DRS Replication Windows<->Windows Study

tridge at samba.org tridge at samba.org
Mon Oct 19 16:11:27 MDT 2009


Hi Fernando,

Sorry for the slow response - I'm rather behind in my email at the
moment (if I am being slow responding to a question, please ping me on
the #samba-technical IRC channel).

 > In an experiment using two Windows Server 2003, we modified some user
 > settings and it replicated correctly, but in wireshark we couldn't see any
 > DRSUAPI message exchanged (we were expecting DsReplicaSync and/or
 > DsGetNCChanges requests and responses, right?).

that's right

 > Instead, we found one LDAP modifyRequest/modifyResponse message
 > that seems to replicate those modified settings.

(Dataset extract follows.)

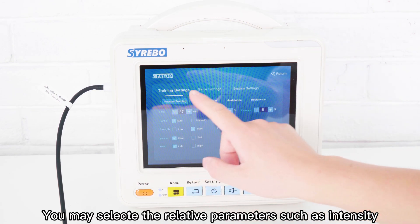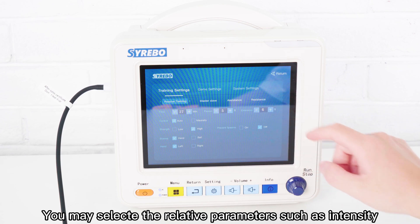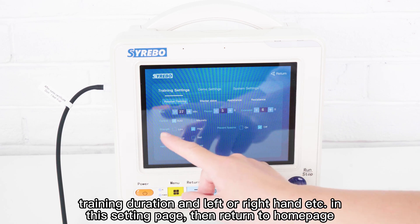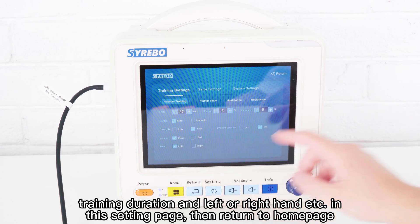You may select relative parameters such as intensity, training duration, and left or right hand in the setting page, then return to the home page.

There can be a few reasons for this. The most common reasons are:

 1) you started the capture after the DRSUAPI connection was
 established. Wireshark relies on seeing the initial DCERPC bind call
 to know what pipe is being used (it looks for the GUID in the
 bind). If it doesn't have that initial bind then it just marks the
 packets as "dcerpc" and not as the specific drsuapi pipe. You may be
 able to work around this by using "decode as" to force decoding as
 DRSUAPI, or better yet, make sure you capture from before the TCP
 connection was established.

 2) the DRSUAPI protocol is encrypted, so you need to use a version of
 wireshark that can decrypt the packets, and you need to give
 wireshark the right keytab to decrypt the krb5 encrypted
 packets. That means using a very recent version of wireshark (build
 it from source) and passing the -K option to point at a keytab. There
 are several ways to get the keytab. One is to virst vampire the w2k8
 box to s4, then use "net export keytab".

 There are also some bugs in wireshark decrypting some of the AES
 encryption used between windows. Metze has a workaround using a
 LD_PRELOAD for wireshark. Let me know if you think you need this and
 I'll post details.

 3) The DRSUAPI parser in wireshark is quite incomplete, and doesn't
 decode some important parts of the protocol.

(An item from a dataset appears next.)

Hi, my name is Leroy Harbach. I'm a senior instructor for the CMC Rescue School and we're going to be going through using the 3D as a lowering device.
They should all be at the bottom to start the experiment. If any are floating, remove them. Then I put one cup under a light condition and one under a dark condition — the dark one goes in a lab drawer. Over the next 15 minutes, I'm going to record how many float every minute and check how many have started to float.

 To fix this you could work with Ronnie Sahlberg (sahlberg at samba.org)
 to convert the wireshark parser to use PIDL, like some of the other
 wireshark parsers use. PIDL is the IDL compiler that Samba uses, so
 if wireshark was converted to use PIDL for DRSUAPI then you would get
 the same parse of the DRSUAPI packets that the Samba code gets. This
 would be a good little project for one of you to work on if you like,
 and would help with DRS development quite a lot.

 4) If using w2k8 at both ends, then they may be negotiating NDR64
 instead of NDR32. Ronnie has only just started adding NDR64 support
 to wireshark. You can either try his latest code, or you could use
 the ndrdump command in s4 to decode it packet by packet (using the
 --ndr64 flag to ndrdump). You will need to pull the packets out of
 wireshark one at a time using right-click "Export selected packet
 bytes" on the RPC payload.

I'd also suggest using the repadmin command on windows to look at the
replication status. It can show you the time of the last successful
replication. Does that time match your change?

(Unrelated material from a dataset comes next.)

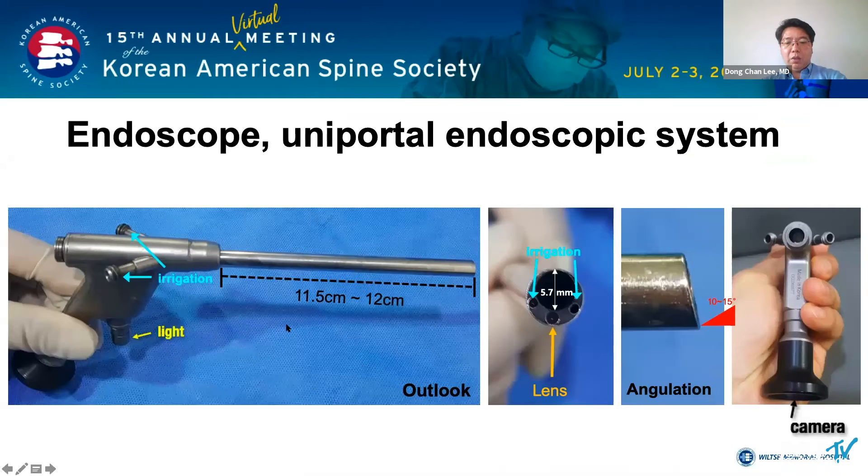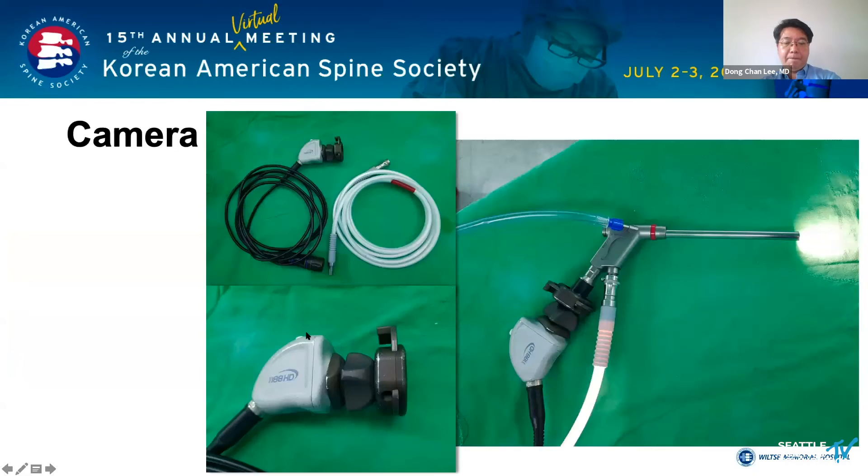The spinal endoscope connects with the irrigation line, light source, and camera. The lens of the endoscope has an angle of 10 to 15 degrees. When you assemble the camera, light source, and irrigation line, it looks like this.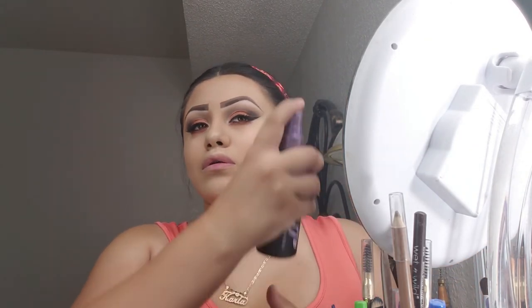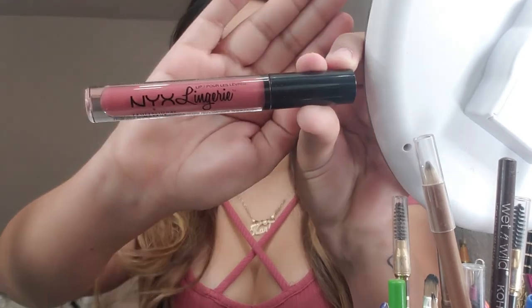And then of course I'm not going to forget the lashes, so I'm going to put those on real quick. I didn't mention the lipstick that I'm wearing — it's my NYX lingerie in Exotic. Thanks for watching.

 > In another similar experiment, using two Windows Server 2008, we could see
 > those DRSUAPI messages but there isn't any LDAP modifyRequest/modifyResponse
 > message, like on the first experiment.
 > 
 > Was this LDAP message expected?

a few LDAP operations are not unusual, but you do expect to see DRS
replication calls. I suspect you are just not seeing them in wireshark
for one of the reasons given above.

 > The first experiment in more details:
 >     * The "ad_update_user_filtered.cap" file attached holds the network
 > traffic captured and the "krb5.kt" file attached holds the keytab file for
 > kerberos decrypting if someone wants to check. The capture file was
 > previously filtered to avoid unnecessary packages, but I can provide the
 > full capture file if someone wants it.

ok, I see you know how to get a keytab, good!

When I tried to open the file here I got a msg from wireshark saying
it is corrupt. Perhaps you could make the full file available
somewhere? (preferably on a download site, let me know if you don't
have a public site you can use). Or put it on one of the machines we
both have access to (eg. Eduardo's machine).